オーストラリアのSNS禁止法で子どもはどうなりましたか?

オーストラリアは2025年12月10日に世界初の16歳未満SNS禁止法を施行しました。対象10プラットフォームに対して約500万アカウントの削除・制限が行われました。しかし、61%の16歳未満が「利用にほとんど変化ない」と回答しており、政府自身が法律の強化を検討し始めています。子どもや保護者への罰則はなく、罰金はプラットフォーム事業者に対して最大4,950万豪ドル(約54億6,000万円)が科されます。

日本でもSNSの年齢制限は始まりますか?

総務省が2026年4月にSNS事業者へ利用開始時の年齢制限を求める案を提示しており、政府は法改正も視野に2026年夏にも対策を取りまとめる方向です。現在は事業者の自主規制に頼っており、法的な年齢制限はありません。年齢確認の義務化も議論の俎上に上がっていますが、自己申告に頼らない認証技術の確立など、実現に向けた課題は少なくありません。

13歳未満のSNS利用のリスクは何ですか?

EUのユーロバロメーター調査(2026年3〜4月、約39,000人対象)によると、SNS利用を開始した年齢が早いほど使用時間が長く、10歳未満で開始した子どもの週末のスクリーン時間は平均7.5時間で、14歳以降に開始した子どもの5.7時間を大きく上回りました。また、3人に1人がSNS利用でストレス・悲しみ・孤立感を体験しています。さらに、TikTokやMetaの「依存性設計」(無限スクロール、自動再生など)がデジタルサービス法(DSA)違反と暫定認定されており、子どもの発達段階において脳への悪影響が懸念されています。

親として子どものSNS利用をどう管理すべきですか?

まず、お子さんの利用状況を把握することが大切です。
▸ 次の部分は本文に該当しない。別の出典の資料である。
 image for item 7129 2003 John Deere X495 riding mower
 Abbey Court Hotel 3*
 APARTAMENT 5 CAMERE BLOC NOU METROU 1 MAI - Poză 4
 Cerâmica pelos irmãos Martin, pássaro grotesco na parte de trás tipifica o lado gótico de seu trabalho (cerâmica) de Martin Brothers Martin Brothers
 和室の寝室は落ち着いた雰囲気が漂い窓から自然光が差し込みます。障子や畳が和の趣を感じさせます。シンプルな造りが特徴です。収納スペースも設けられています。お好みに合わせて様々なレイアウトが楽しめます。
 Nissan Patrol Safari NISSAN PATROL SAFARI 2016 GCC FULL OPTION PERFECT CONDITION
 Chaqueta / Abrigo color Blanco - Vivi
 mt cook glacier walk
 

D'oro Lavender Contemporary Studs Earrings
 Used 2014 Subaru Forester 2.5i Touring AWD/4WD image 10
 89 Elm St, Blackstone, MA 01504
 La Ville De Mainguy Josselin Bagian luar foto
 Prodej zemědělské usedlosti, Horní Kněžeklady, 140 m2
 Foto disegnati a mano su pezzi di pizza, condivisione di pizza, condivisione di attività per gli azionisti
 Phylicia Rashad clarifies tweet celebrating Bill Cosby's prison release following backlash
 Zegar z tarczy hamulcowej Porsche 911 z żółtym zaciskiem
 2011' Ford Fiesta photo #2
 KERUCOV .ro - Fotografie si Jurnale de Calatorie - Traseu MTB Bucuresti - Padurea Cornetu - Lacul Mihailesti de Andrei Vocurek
多くのプラットフォームには保護者用の管理機能(ファミリーリンク、スクリーンタイム制限など)が用意されています。EUの専門家パネルは、3歳未満はスクリーンそのものを使わせない、3〜12歳は保護者の監督下で年齢に適したサービスのみを利用する、という年齢区分を推奨しています。また、日本の学校現場でもデジタルリテラシー教育が進められており、家庭と連携して「SNSとの付き合い方」を一緒に学ぶ姿勢が重要です。


まとめ — 規制の先にあるもの

EUの報告書が投げかけた本質的な問いは、フォン・デア・ライエン委員長の一言に集約されています。「子どもがSNSにアクセスできるかではなく、SNSが子どもにアクセスできるのか」——これまでの議論は「何歳から使えるか」に終始しがちでしたが、これからは「どう設計されるべきか」という問いが同等に重要になります。

オーストラリアの16歳未満禁止法では、61%の子どもが「利用に変化ない」と答えました。禁止だけでは解決しない現実があります。一方、EUは年齢に応じた段階的アクセスを推奨しつつ、プラットフォームの依存性設計そのものをDSAで違法とする、二重のアプローチをとっています。

日本は今、両モデルの教訓を目の前にしています。禁止か、設計か、あるいはそのハイブリッドか。2026年秋にはEUの立法提案が公開され、日本でも政府の対策取りまとめが予定されています。規制の先に見えてくるべきは、「子どもがデジタル世界を安全に歩ける社会」です。そのためには、法制度、プラットフォームの設計、家庭と学校の連携——すべてが揃って初めて機能します。